Ex-prefeito mostra que tem mais influência na câmara do que o atual prefeito de Campo do Brito

Postado em - 3 de dezembro de 2018 - 14:38 - Sem Comentários

Na chapa vencedora, há dois vereadores de oposição (o vice e o 2º secretário).

O ex-prefeito de Campo do Brito, Roquinho, mostrou que ainda tem forte influência política no município, após colocar o nome de sua esposa, a vereadora Rosana Queiroz, para disputar a presidência da Mesa Diretora da Câmara de Vereadores para o biênio 2019-2020.

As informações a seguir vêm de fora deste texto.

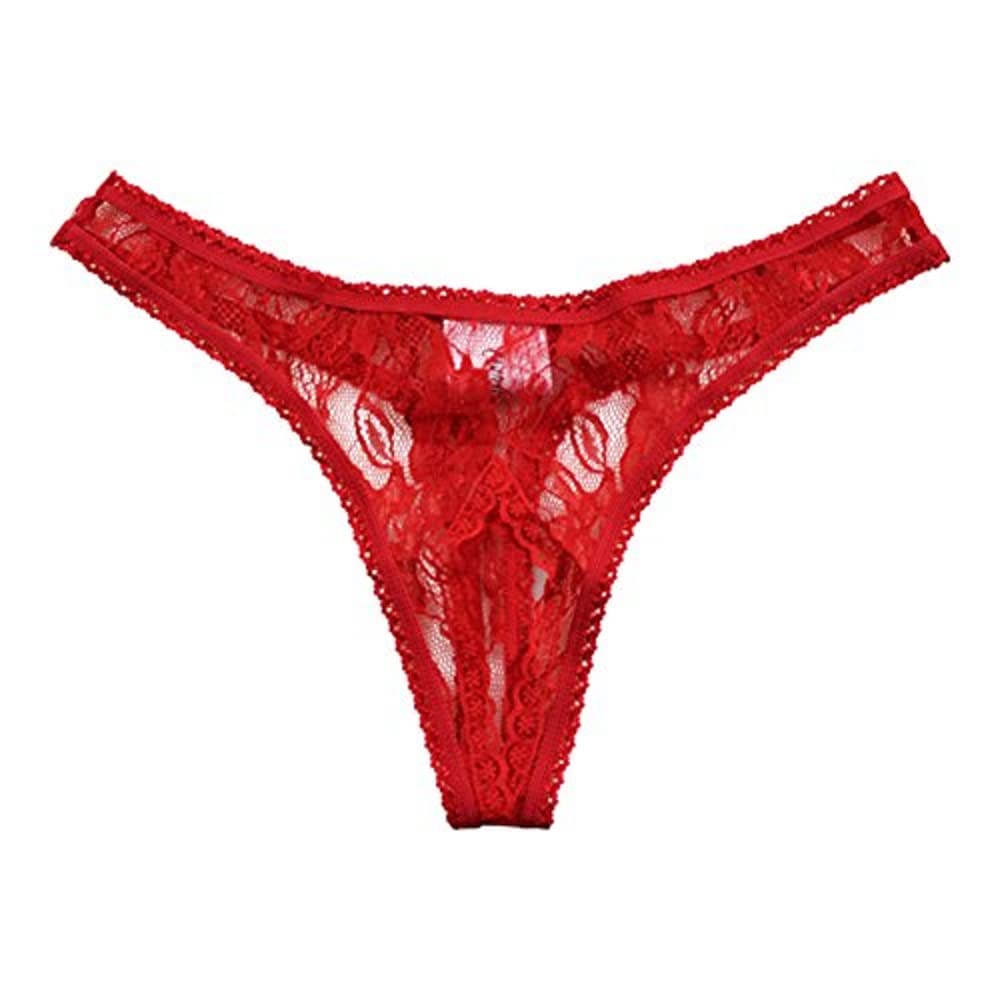 Cottelli Collection X-Large Red Lace String with Open Crotch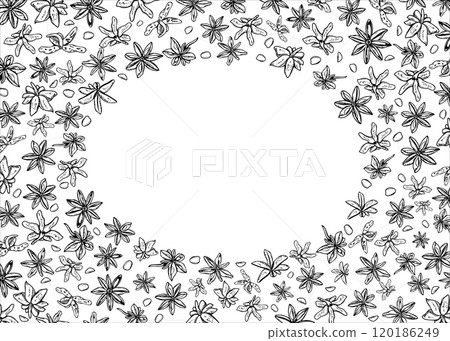 Watercolor star anise seeds seamless pattern. Aromatic brown dried natural spice for making drinks and baking illustration. Badian ornate for decoration of menu, Christmas and New Year textile 120186249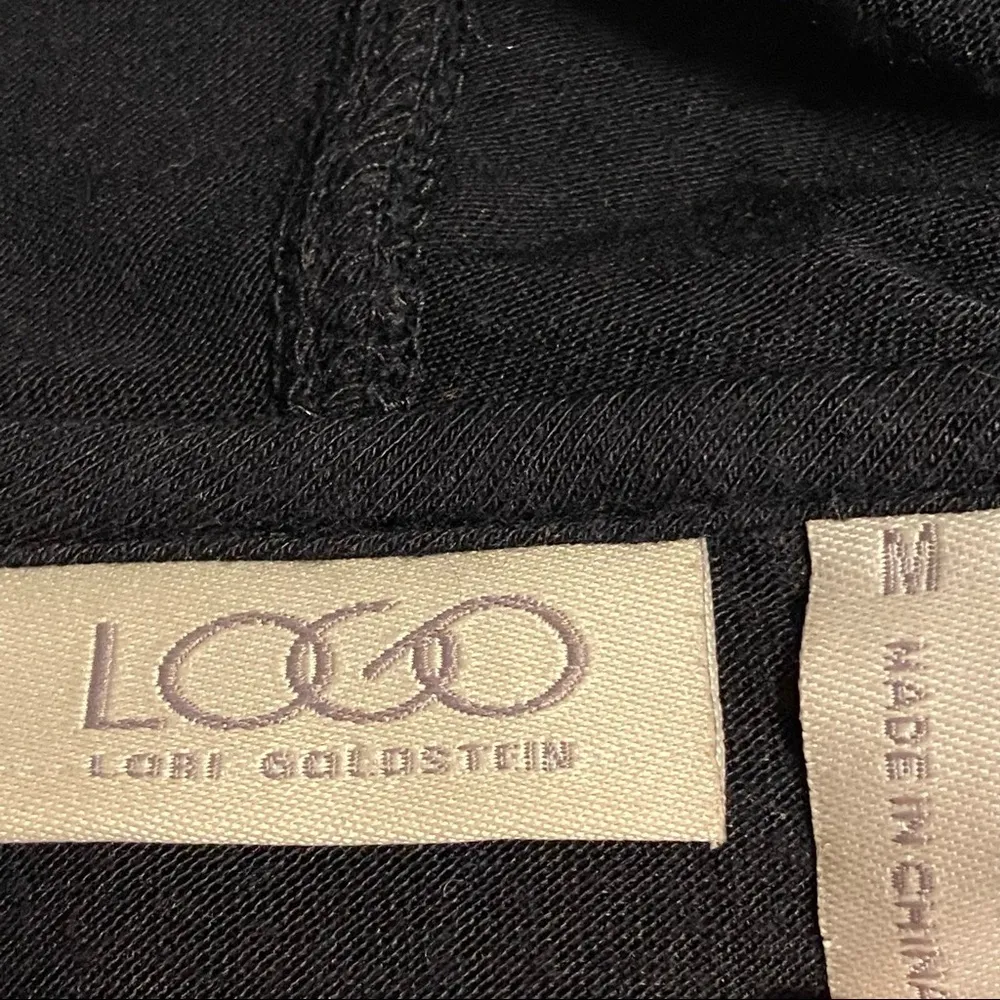 LOGO Lori Goldstein Black Zip Front Knit Cardigan Velvet Trim‎ A259097 Medium - Image 9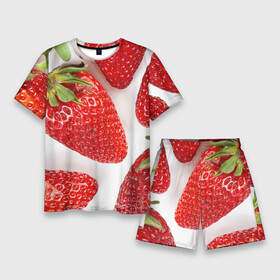 Мужской костюм с шортами 3D с принтом strawberries в Петрозаводске,  |  | strawberries | еда | клубника | красный | лето | ростислав удача | сад | ягоды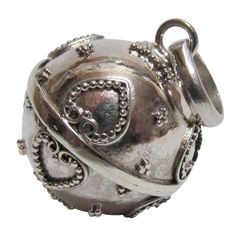 ガムランボール 1.5cm ハート模様 シルバーアクセサリー アジアン雑貨 バリ雑貨 ネックレストップ ドリームボール 15mm【メール便】230131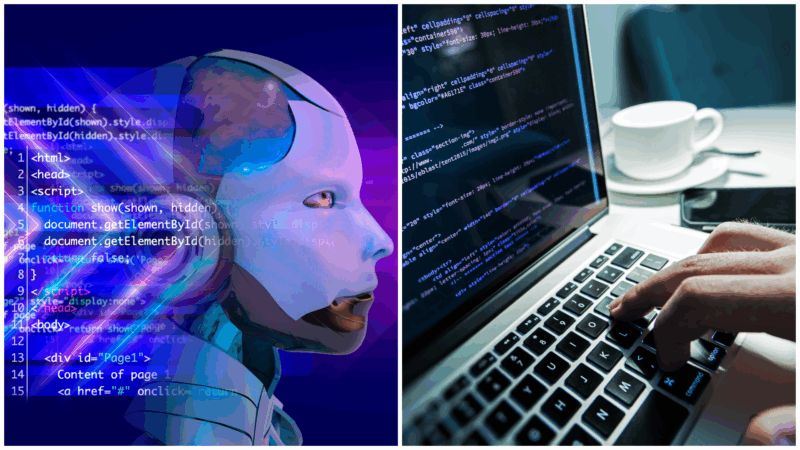 colaj foto cu un sistem ai alaturi de o imagine cu un programator care scrie cod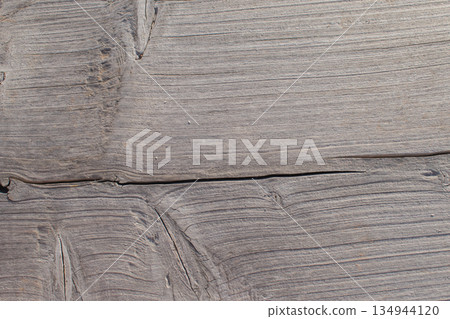 close up of horizontal weathered gray wooden boards texture background with knots and deep grain 134944120
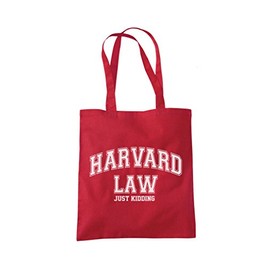 Harvard Law Just Kidding Tote Bag - red One Size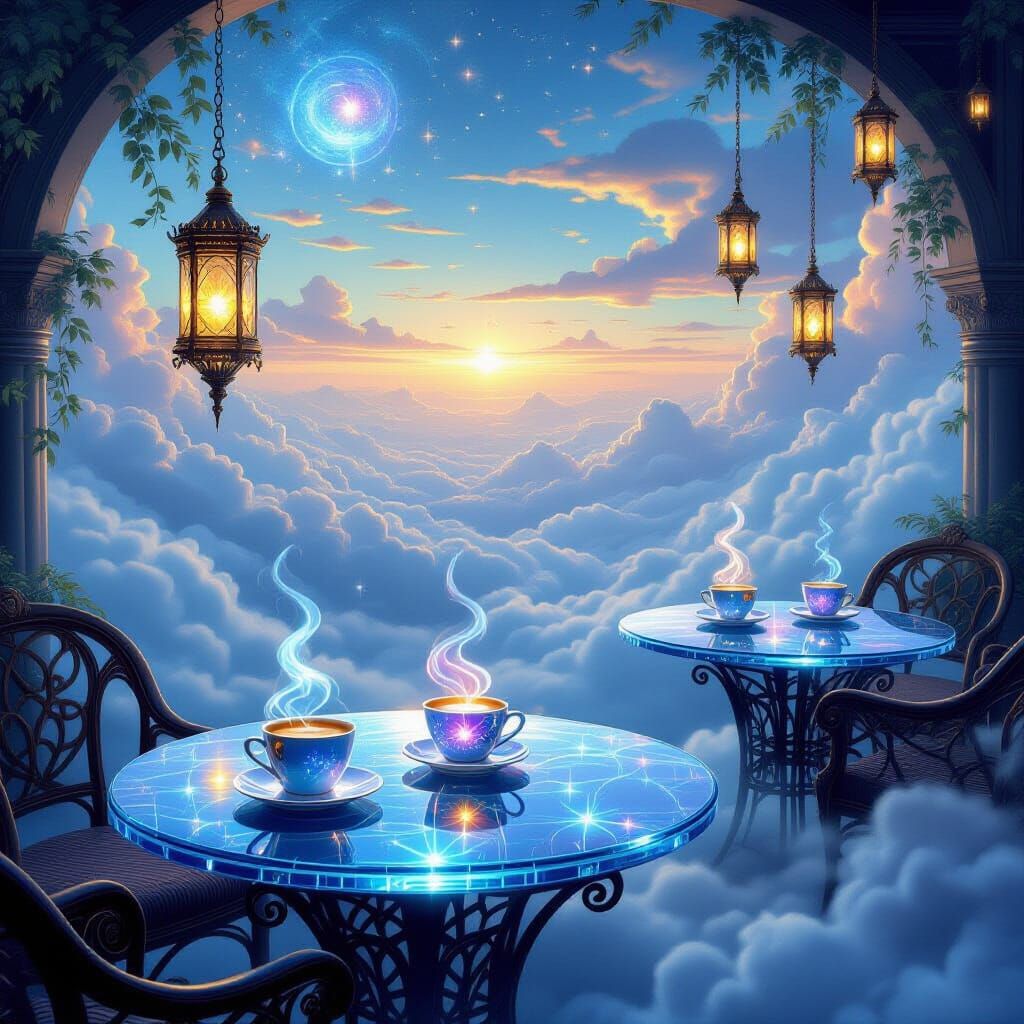 A futuristic yet mystical café suspended in the clouds, with crystal tables, floating lanterns, and cups of coffee glowing with cosmic energ...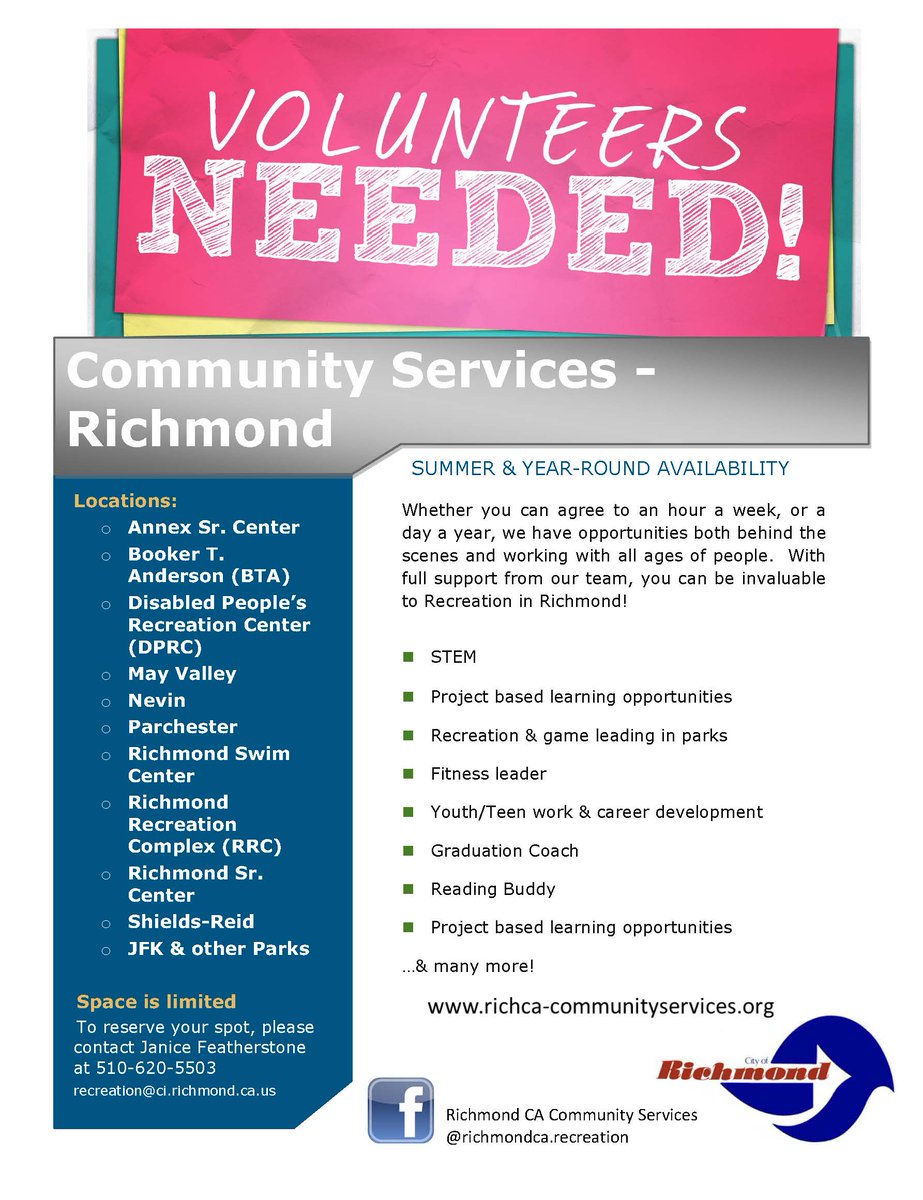 richmondcsd's tweet photo. Please share with your community! #volunteers #RichmondcA https://t.co/qcyI4AcD1x https://t.co/s0qvBnaOLF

Em entrevista concedida à FM Itabaiana, na manhã deste domingo (02), o ex-prefeito falou a respeito da eleição, que ocorreu no último dia 29/11, e disse que a decisão de Rosana ser candidata foi sua devido não concordar com as colocações do vice-prefeito, Loro, e do atual presidente da Câmara, Cacareco. Ambos não concordavam com o nome para a disputa.

O fato é que Rosana acabou vencendo, obteve sete votos contra quatro da chapa concorrente, e os questionamentos que surgem agora é se o posicionamento político do ex-prefeito e da vereadora permanecem na situação depois dessa quebra de braço.

“Ali é um a casa de todos, devemos ser todos tratados de uma só maneira. Mas não queriam nem me deixar entrar na câmara, aplicaram a Lei da Mordaça. O nosso vice-prefeito, o Loro, é um rapaz bom, mas não tem ainda a habilidade política, se ele tem algum futuro político, da maneira que ele está agindo, está fazendo uma campanha ruim. É um coitado, a gente tem que colocar na mente que ele é marinheiro de primeira viagem. Eu acho que como político ele só sabe receber o subsidio no final do mês”, disse Roquinho que, apesar de tudo, nega rompimento com o prefeito Marcell Souza.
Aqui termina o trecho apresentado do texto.